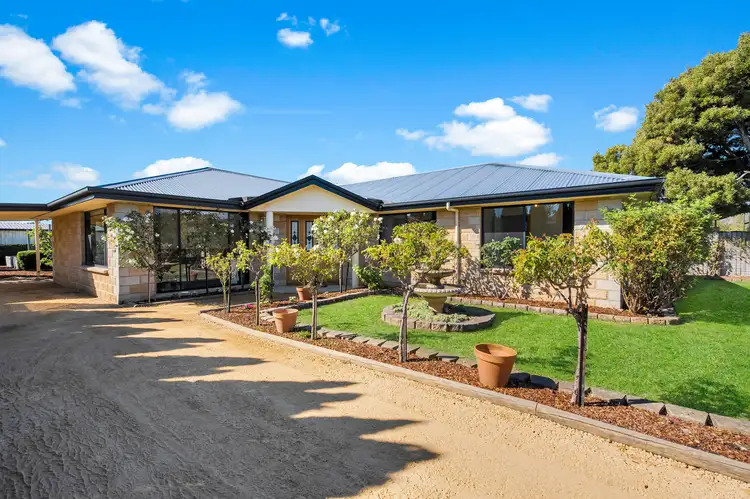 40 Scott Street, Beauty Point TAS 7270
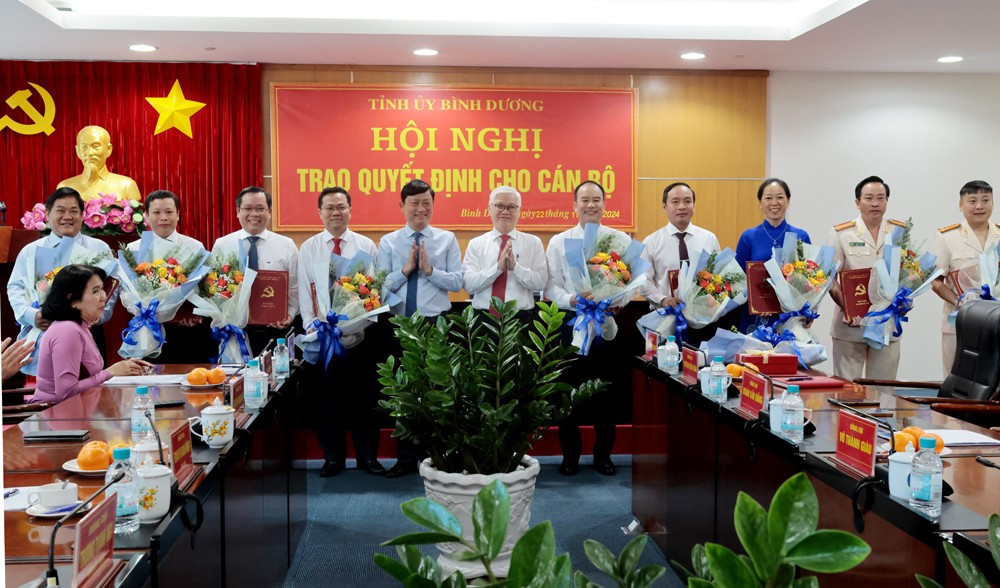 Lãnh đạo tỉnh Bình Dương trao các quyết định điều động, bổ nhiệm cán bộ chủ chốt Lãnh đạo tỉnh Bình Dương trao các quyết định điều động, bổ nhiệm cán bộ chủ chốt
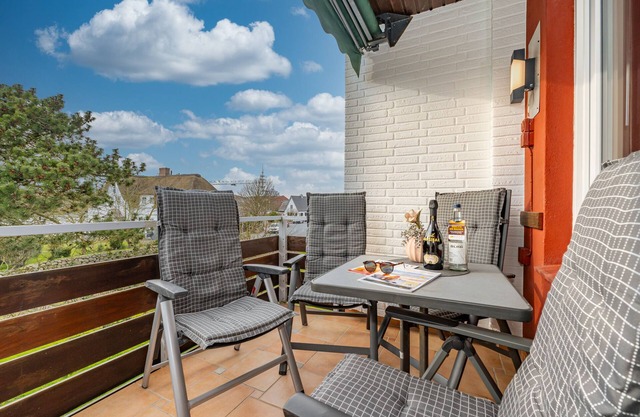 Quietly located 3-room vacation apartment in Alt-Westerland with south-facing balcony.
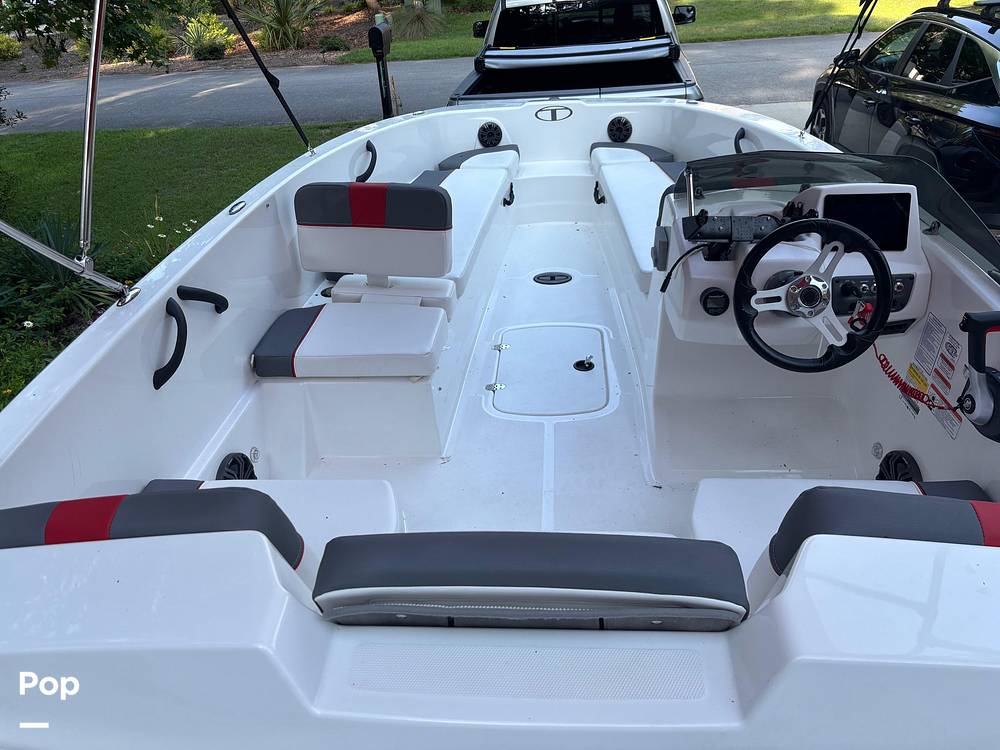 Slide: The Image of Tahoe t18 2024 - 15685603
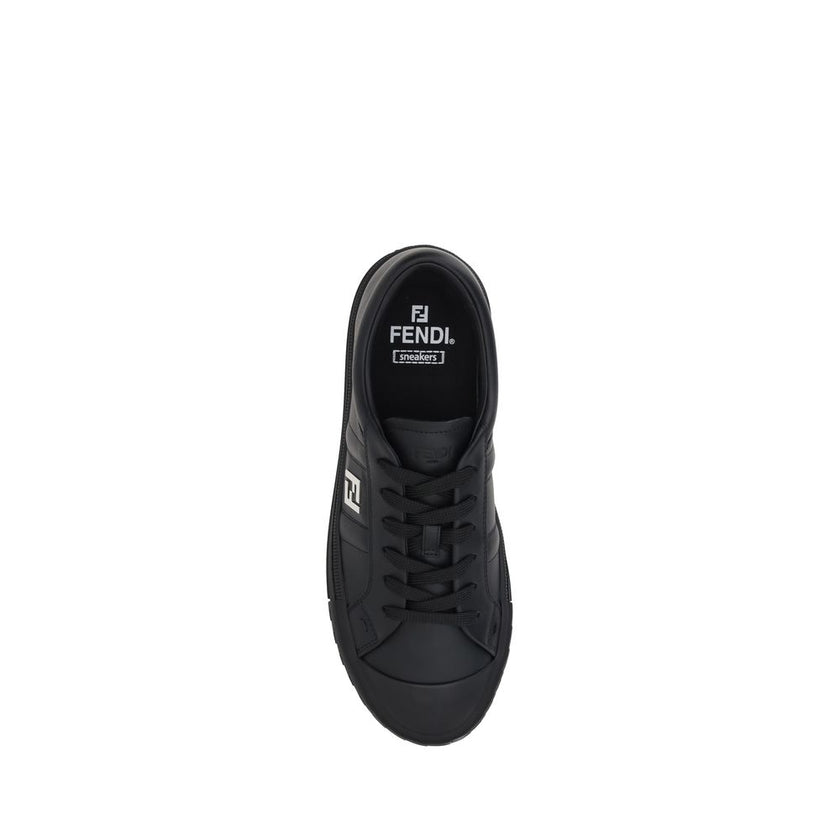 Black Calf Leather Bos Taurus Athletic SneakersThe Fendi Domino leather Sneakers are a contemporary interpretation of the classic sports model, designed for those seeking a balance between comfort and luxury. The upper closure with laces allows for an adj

• • • • • • •

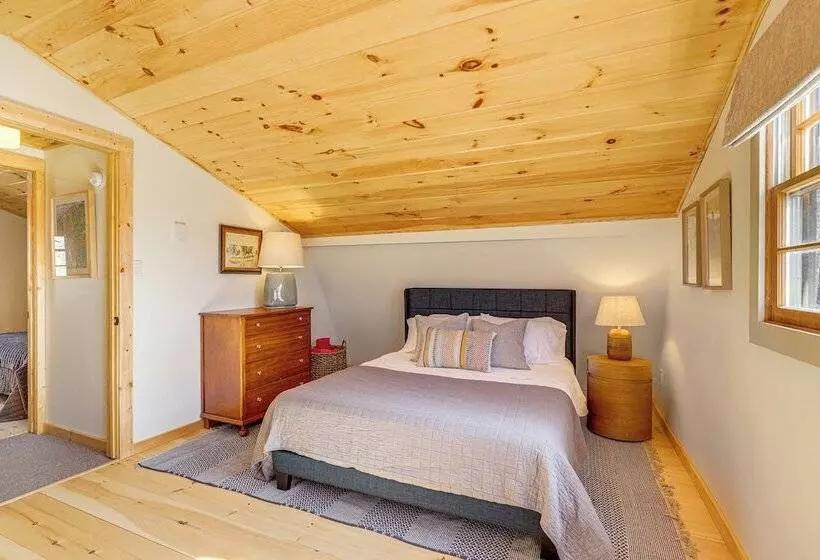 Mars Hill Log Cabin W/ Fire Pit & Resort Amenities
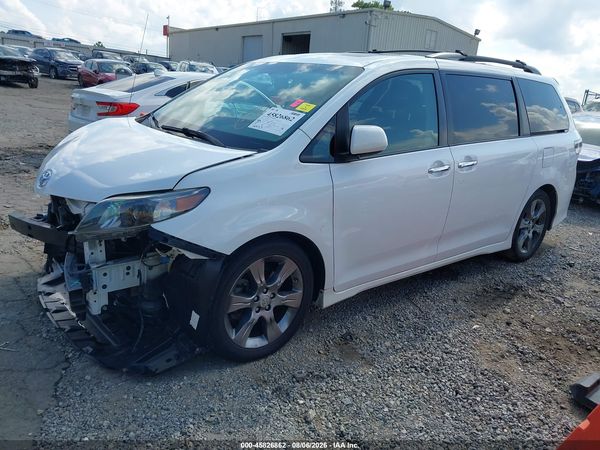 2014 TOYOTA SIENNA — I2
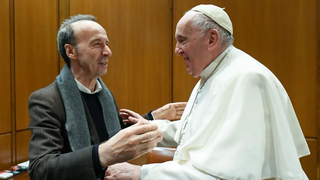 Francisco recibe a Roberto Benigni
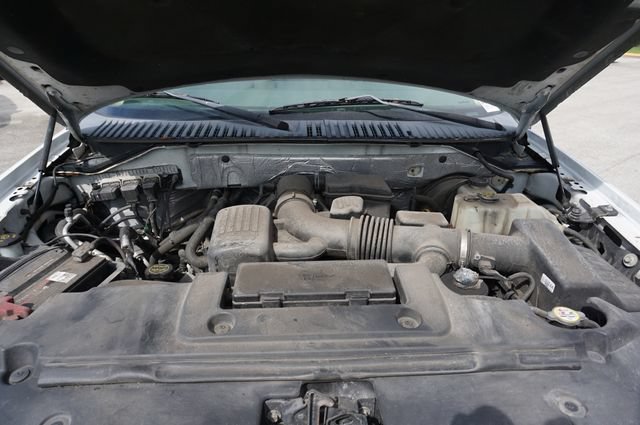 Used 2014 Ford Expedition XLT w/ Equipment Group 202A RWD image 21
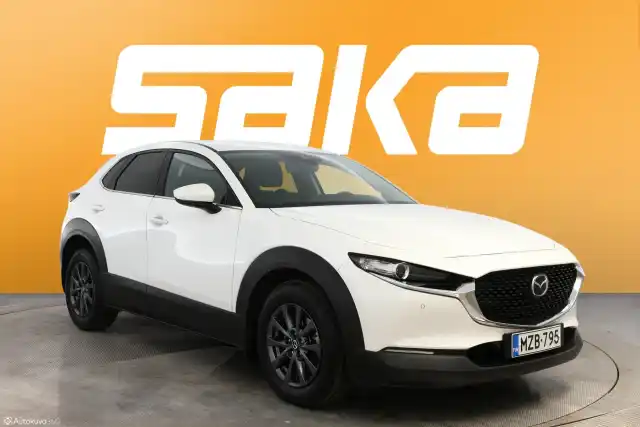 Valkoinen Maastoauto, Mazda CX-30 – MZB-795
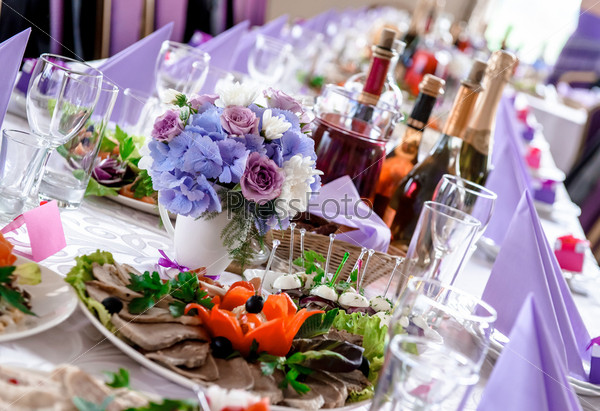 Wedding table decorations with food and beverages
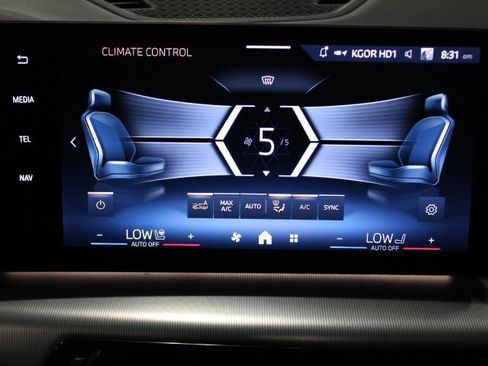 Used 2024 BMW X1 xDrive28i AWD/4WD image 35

• • • • • • •

• [Work request]
Would you write out exactly the lines above, starting at the line containing "40 Scott Street, Beauty Point TAS 7270" and stopping after the line containing "Black Calf Leather"? Omit the pictures.

• [Reply]
 40 Scott Street, Beauty Point TAS 7270
 Lãnh đạo tỉnh Bình Dương trao các quyết định điều động, bổ nhiệm cán bộ chủ chốt Lãnh đạo tỉnh Bình Dương trao các quyết định điều động, bổ nhiệm cán bộ chủ chốt
 Quietly located 3-room vacation apartment in Alt-Westerland with south-facing balcony.
 Slide: The Image of Tahoe t18 2024 - 15685603
 Black Calf Leather Bos Taurus Athletic SneakersThe Fendi Domino leather Sneakers are a contemporary interpretation of the classic sports model, designed for those seeking a balance between comfort and luxury. The upper closure with laces allows for an adj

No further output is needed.